Sunday, February 10, 2008

Current clinical evidence does not demonstrate that titrating lipid therapy to achieve proposed low LDL cholesterol levels is beneficial or safe.

From the Annals of Internal Medicine - (3 October 2006 Volume 145 Issue 7 Pages 520-530).

by Rodney A. Hayward, MD; Timothy P. Hofer, MD, MSc; and Sandeep Vijan, MD, MSc

"The authors found no clinical trial subgroup analyses or valid cohort or case–control analyses suggesting that the degree to which LDL cholesterol responds to a statin independently predicts the degree of cardiovascular risk reduction."

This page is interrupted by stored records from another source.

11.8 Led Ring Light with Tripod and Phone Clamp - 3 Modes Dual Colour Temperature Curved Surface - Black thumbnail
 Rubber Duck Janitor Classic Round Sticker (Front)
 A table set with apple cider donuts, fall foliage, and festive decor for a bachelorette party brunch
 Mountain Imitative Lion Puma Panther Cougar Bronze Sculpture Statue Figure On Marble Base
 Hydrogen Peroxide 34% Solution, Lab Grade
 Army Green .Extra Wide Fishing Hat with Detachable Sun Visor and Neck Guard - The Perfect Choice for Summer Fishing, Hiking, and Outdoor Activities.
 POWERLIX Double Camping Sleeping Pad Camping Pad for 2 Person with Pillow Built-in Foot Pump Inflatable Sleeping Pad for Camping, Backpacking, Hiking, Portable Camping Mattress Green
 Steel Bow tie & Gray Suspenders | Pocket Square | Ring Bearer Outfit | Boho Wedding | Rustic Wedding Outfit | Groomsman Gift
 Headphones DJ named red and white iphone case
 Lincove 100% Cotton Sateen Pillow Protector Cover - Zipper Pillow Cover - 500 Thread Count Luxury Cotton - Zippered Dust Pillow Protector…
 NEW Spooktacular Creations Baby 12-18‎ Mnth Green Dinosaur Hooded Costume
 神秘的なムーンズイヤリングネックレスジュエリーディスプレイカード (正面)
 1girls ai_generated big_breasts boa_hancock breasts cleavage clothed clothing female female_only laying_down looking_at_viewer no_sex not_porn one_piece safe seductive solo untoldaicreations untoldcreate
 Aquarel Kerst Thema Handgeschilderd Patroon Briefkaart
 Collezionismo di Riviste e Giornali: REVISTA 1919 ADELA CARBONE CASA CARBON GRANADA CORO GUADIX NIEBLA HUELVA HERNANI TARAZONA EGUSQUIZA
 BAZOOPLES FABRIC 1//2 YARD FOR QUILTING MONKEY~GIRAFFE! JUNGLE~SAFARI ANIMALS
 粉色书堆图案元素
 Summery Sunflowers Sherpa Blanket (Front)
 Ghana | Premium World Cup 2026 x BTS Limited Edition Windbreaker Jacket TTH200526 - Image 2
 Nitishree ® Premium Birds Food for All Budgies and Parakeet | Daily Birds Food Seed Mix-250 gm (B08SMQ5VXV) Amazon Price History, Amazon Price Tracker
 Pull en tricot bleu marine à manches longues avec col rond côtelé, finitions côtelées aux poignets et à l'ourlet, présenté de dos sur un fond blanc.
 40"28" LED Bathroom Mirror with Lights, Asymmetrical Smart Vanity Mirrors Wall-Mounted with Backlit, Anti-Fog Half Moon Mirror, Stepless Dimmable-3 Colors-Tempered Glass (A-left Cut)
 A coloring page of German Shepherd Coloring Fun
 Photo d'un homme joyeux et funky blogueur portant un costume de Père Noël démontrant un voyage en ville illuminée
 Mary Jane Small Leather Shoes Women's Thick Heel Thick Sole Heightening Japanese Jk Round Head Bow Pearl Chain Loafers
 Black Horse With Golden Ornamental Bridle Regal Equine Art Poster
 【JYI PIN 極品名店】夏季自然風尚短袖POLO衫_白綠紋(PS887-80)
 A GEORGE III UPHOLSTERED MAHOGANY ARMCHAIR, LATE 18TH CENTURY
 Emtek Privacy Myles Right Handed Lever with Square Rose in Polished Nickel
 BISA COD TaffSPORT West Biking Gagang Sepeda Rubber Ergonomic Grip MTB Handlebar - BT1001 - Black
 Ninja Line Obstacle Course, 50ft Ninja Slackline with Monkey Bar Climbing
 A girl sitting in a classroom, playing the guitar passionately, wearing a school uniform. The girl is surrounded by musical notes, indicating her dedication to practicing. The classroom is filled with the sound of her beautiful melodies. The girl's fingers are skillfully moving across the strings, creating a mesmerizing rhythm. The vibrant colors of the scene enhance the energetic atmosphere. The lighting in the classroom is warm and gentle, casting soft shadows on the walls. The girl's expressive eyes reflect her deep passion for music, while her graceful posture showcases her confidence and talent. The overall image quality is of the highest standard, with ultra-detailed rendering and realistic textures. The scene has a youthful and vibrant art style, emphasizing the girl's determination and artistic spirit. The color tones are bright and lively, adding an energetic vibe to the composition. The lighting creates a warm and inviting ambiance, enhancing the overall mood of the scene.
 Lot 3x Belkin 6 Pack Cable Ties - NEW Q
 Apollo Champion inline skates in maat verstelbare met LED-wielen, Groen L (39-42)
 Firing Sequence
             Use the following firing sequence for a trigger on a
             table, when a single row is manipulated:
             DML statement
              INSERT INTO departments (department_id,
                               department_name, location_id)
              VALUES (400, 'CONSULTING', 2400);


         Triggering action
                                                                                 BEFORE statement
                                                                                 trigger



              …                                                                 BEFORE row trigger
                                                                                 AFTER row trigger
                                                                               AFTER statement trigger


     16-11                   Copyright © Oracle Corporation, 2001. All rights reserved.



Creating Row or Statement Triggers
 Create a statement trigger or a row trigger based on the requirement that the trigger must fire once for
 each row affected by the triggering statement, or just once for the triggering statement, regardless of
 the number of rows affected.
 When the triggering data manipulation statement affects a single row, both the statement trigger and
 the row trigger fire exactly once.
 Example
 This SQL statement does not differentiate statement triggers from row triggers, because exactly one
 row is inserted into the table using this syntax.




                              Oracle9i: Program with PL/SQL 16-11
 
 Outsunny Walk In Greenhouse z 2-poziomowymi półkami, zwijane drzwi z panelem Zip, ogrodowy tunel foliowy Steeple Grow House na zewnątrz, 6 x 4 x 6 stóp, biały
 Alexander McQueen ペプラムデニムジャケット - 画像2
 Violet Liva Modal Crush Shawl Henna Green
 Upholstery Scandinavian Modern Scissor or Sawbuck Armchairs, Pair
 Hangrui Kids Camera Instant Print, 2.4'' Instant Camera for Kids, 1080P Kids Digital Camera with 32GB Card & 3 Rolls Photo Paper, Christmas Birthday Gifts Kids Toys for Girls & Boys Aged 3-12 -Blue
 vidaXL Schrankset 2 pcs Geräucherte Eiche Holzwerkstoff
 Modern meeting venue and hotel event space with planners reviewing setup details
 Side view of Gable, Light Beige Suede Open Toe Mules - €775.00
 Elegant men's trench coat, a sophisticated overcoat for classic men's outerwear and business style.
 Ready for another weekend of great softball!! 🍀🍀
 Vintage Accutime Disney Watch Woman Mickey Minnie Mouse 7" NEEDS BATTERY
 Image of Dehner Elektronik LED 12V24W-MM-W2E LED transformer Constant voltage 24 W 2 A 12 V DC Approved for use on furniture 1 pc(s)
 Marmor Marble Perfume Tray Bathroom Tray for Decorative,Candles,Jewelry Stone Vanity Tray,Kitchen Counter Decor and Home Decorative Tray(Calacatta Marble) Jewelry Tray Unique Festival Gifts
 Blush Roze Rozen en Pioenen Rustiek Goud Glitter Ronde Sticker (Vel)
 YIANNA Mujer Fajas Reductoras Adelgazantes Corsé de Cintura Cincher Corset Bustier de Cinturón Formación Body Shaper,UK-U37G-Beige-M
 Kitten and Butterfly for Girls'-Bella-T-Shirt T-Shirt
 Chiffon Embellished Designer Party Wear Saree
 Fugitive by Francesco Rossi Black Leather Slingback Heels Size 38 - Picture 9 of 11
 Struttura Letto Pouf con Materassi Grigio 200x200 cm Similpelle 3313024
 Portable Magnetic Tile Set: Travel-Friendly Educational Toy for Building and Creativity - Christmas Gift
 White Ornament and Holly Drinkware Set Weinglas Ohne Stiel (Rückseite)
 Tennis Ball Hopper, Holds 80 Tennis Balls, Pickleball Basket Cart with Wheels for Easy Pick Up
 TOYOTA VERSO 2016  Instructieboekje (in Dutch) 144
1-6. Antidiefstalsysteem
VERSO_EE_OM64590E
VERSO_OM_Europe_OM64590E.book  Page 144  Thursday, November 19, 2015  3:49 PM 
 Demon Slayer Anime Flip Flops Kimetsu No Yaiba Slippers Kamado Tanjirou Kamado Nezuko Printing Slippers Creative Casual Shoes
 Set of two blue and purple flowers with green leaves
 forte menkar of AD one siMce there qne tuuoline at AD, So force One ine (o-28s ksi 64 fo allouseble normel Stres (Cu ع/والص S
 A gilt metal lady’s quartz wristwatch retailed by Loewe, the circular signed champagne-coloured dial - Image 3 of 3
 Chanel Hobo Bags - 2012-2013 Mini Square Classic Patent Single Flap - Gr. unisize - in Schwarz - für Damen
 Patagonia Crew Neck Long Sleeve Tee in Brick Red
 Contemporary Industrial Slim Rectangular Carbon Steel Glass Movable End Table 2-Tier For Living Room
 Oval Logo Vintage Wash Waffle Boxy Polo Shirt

Here are the 'Key Summary Points"




  • No high-quality evidence could be found that suggests that titrating lipid therapy to recommended low-density lipoprotein (LDL) cholesterol targets is superior to empirically prescribing doses of statins used in clinical trials for all patients at high cardiovascular risk.

  • Studies addressing benefits of achieving LDL cholesterol goals have had avoidable problems, such as reliance on ecological (aggregate) analyses, ignoring statins' other proposed mechanisms of action, and not accounting for known confounders (especially healthy volunteer effects).

  • Much more reliable evidence on currently proposed LDL cholesterol goals could be expeditiously produced by conducting cohort analyses of past statin trials that control for statin dose and pill adherence.

  • Dichotomous comparisons (such as comparing those who reach goal vs. those who do not) can mistakenly suggest that not achieving the treatment goal results in moderate risk when in fact almost all of the risk is caused by large deviations from the ideal goal.

  • Proposals for treatment goals should also consider the risks, patient burden, and societal costs of the treatments that may be needed to reach those goals.